Wife tracked her husband’s fatal flight

Author: Alisa Brodkowitz  |  Category: Crashes

— A Florida businessman’s wife was using a flight tracking site to keep up with her husband and his three hunting buddies’ flight home from Uvalde when she noticed something had gone wrong.

Paul Mazak, 44, Malcolm Lavender, 57, Richard “Rick” Schippers, 59, and Shane Schippers, 37, were killed when a twin-turboprop Beechcraft King Air owned and piloted by Mazak went down in bad weather Monday.

Mazak and his passengers, who had been hunting on Mazak’s property near Uvalde, left Garner Municipal Airport at 11:01 a.m., bound for Leesburg, Fla., according to friends and flight records. Mazak’s plane left Uvalde nearly an hour behind schedule, after he delayed takeoff to wait for a cold front and severe thunderstorms to blow through.

“They waited a while for the weather,” said Chip King, an engineer based at the Uvalde airport. “The storms weren’t that terrible when they came through here. When he left it was a little break and it was clearing to the south.”

Less than 45 minutes later, Mazak’s plane vanished from FAA radar, shortly after he reported that turbulence was making it difficult to maintain an altitude of 25,000 feet. Controllers at FAA’s Houston Center had noticed Mazak’s plane was losing altitude.

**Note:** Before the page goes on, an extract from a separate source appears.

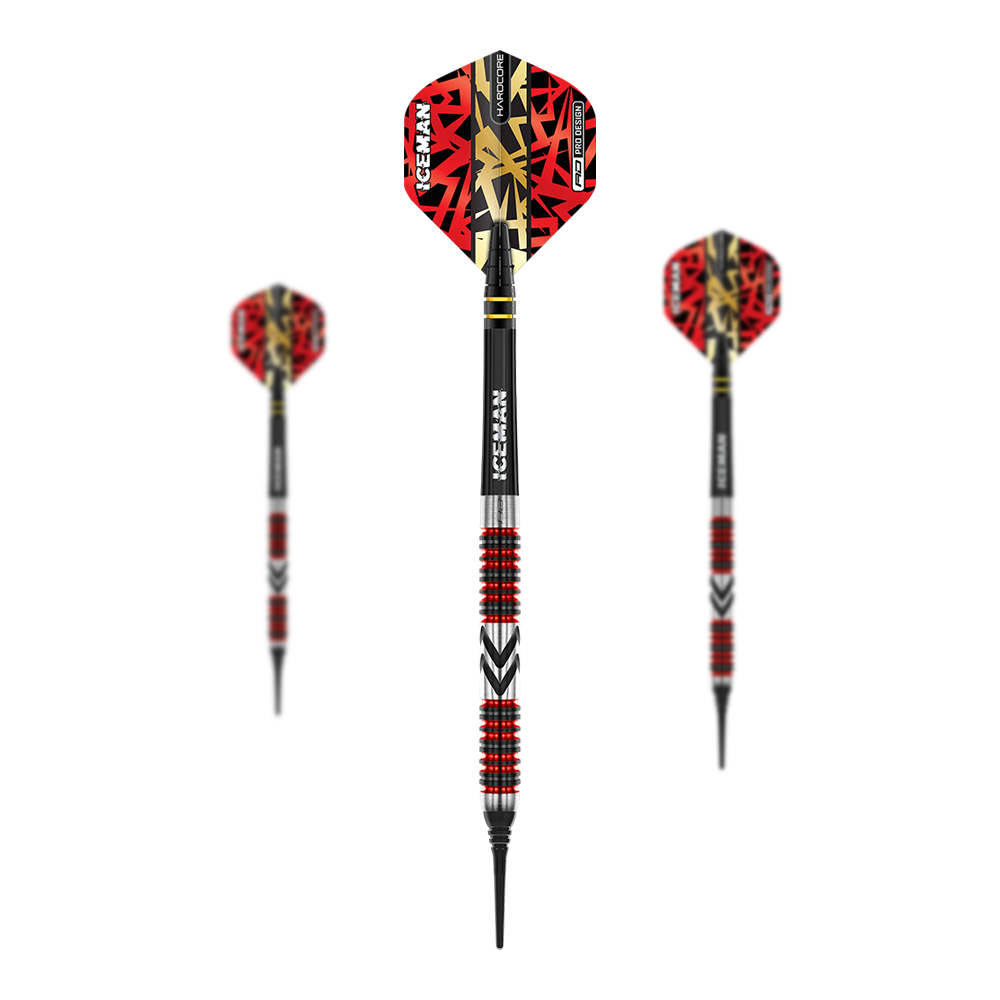 Miękkie rzutki Red Dragon Gerwyn Price Firebird - 20g Das Bild zeigt drei Softdarts des Modells "Red Dragon Gerwyn Price Firebird - 20g". Die Darts haben rote Flights mit schwarzem und goldfarbenem Muster sowie silberne und rote Ringe am Barrel.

At home in Florida, Mazak’s wife, Reba, called King after she noticed an oddity with her husband’s flight path.

“She was watching him fly and the airplane was coasting or stationary over Benavides,” said King, who had known Paul Mazak for about five years. “She noticed something wrong. She did not understand what was going on.”

Reba Mazak couldn’t be reached for comment Tuesday.

The tracking site, Flightaware.com, shows Mazak’s path — a bright green line — dead-ending on screen in the face of a line of storms.

Officials said the plane plummeted to the ground shortly after 11:42 a.m., falling directly into a thick, brushy area on the Shamoun Ranch about four miles northwest of Benavides off State Highway 339.

It likely will be several days before investigators from the Federal Aviation Administration and the National Transportation Safety Board complete an investigation into the crash, said Cpl. Charlie Ramirez of Texas Department of Public Safety. Those investigators arrived shortly before noon Tuesday.

Mazak, Lavender and the Schipperses, who were father and son, had been in Uvalde for about a week, King said.

Donna Rausa, a cousin of Rick Schippers’ wife, said the deaths of the men are unimaginable. Rick Schippers was in marine construction, devoted to his family including Shane, who had a wife and children.

“He was the kind of a man whenever we had dinner together he would say a blessing,” said Rausa, who lives in New Jersey. “He was very religious, very spiritual. I would call him an anchor.”

Mazak had ranching and mining interests in Florida. Attempts to reach Mazak’s and Lavender’s family were unsuccessful.